Prerequisites and Learning Outcomes

Get a brief introduction to what you'll learn in this course.

We'll cover the following

Who is this course for?

This course is aimed at software engineers who wish to understand the nature and limits of computation, and computing practitioners who want to know what their software can and can’t do.

Prerequisites

Learning the theory of computation will be easier if you have the basic programming knowledge required for typical introductory programming courses.
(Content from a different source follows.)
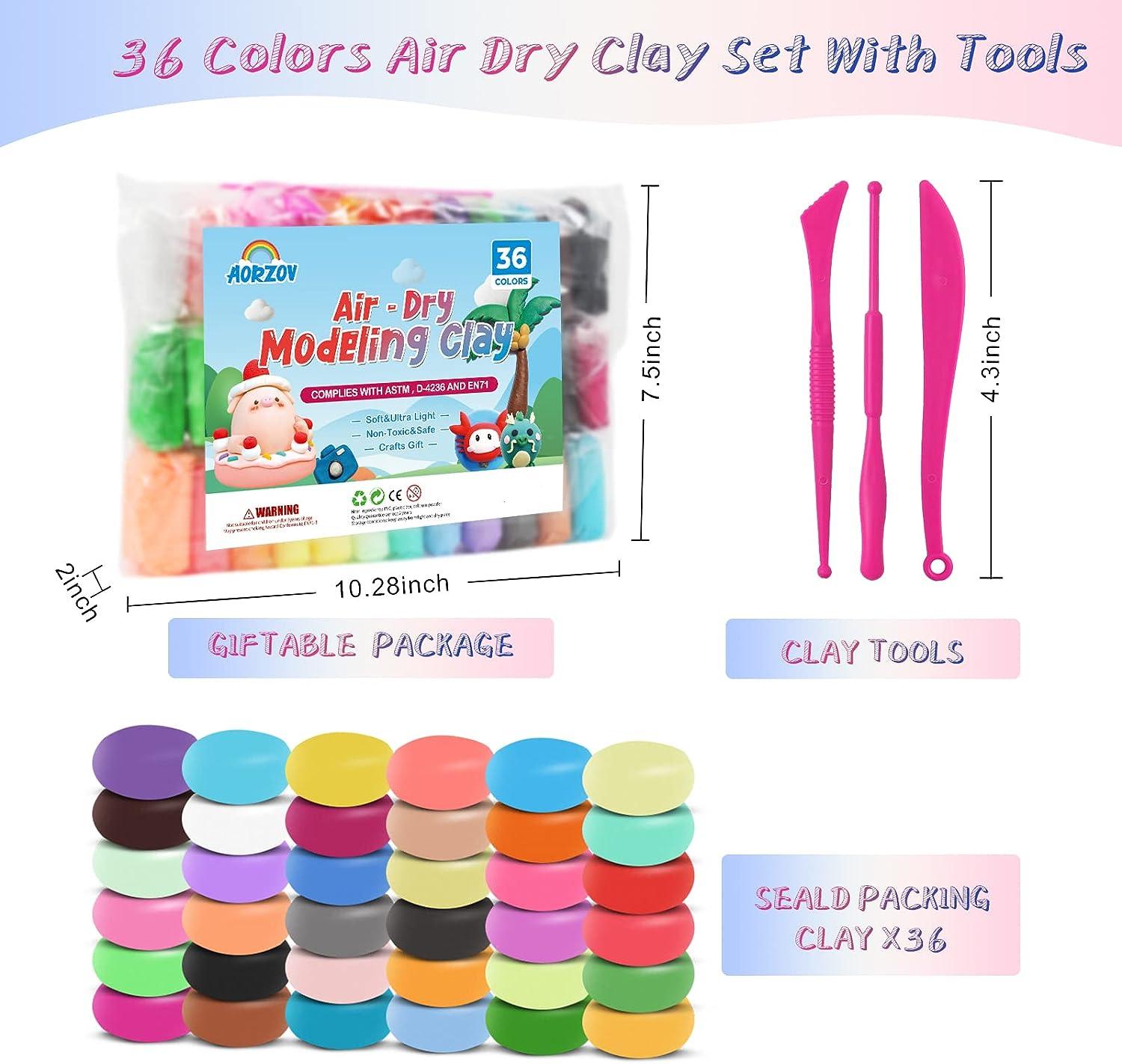  Drawdart Air Dry Clay- 36 Colors Modeling Clay Kit with 3  Sculpting Tools, Safe & Non-Toxic, Magic Foam Clay for Kids and Adults, DIY  Molding Clay Gift for Boys and Girls 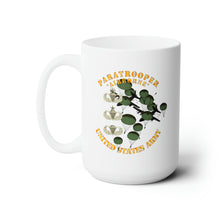 Load image into Gallery viewer, White Ceramic Mug 15oz - Army - Paratrooper w 3 Airborne Badges - Mass Tac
It is also helpful if you’re familiar with these basic concepts from introductory discrete mathematics:

  • Sets
  • Relations
  • Functions
  • Modular arithmetic
  • The notion of a logarithm
  • First-order predicate logic
  • The structure of simple directed graphs

Learning outcomes

In this course, the key results of the theory of computation are covered, with numerous examples and sometimes even with working Python programs, while at the same time achieving a measure of rigor with a minimum of mathematical formalism. Formal proofs appear infrequently, but constructive arguments abound. While mathematical notation appears as needed, visual representations are frequently used to illustrate concepts. The key concepts covered in this course are:

  • Formal languages and finite state machines.
  • Deterministic and nondeterministic finite automata.
  • Regular expressions and grammars.
  • Properties of regular languages.
  • Context-free languages.
  • Pushdown automata.
  • Context-free grammars.
  • Properties of context-free languages.
  • Turing machines.
  • The landscape of formal languages.
  • Computability.

The emphasis is on the structure, properties, and application of formal languages, along with introductory exposure to computability.

In this course, we’ll use Python 3 since Python is the most readable of programming languages; it is often referred to as “executable pseudocode.” It is in widespread use in many computing domains and is universally available. Python syntax is an effective innovation to teach reductions of one unsolvable problem to another in a compact introductory chapter on computability.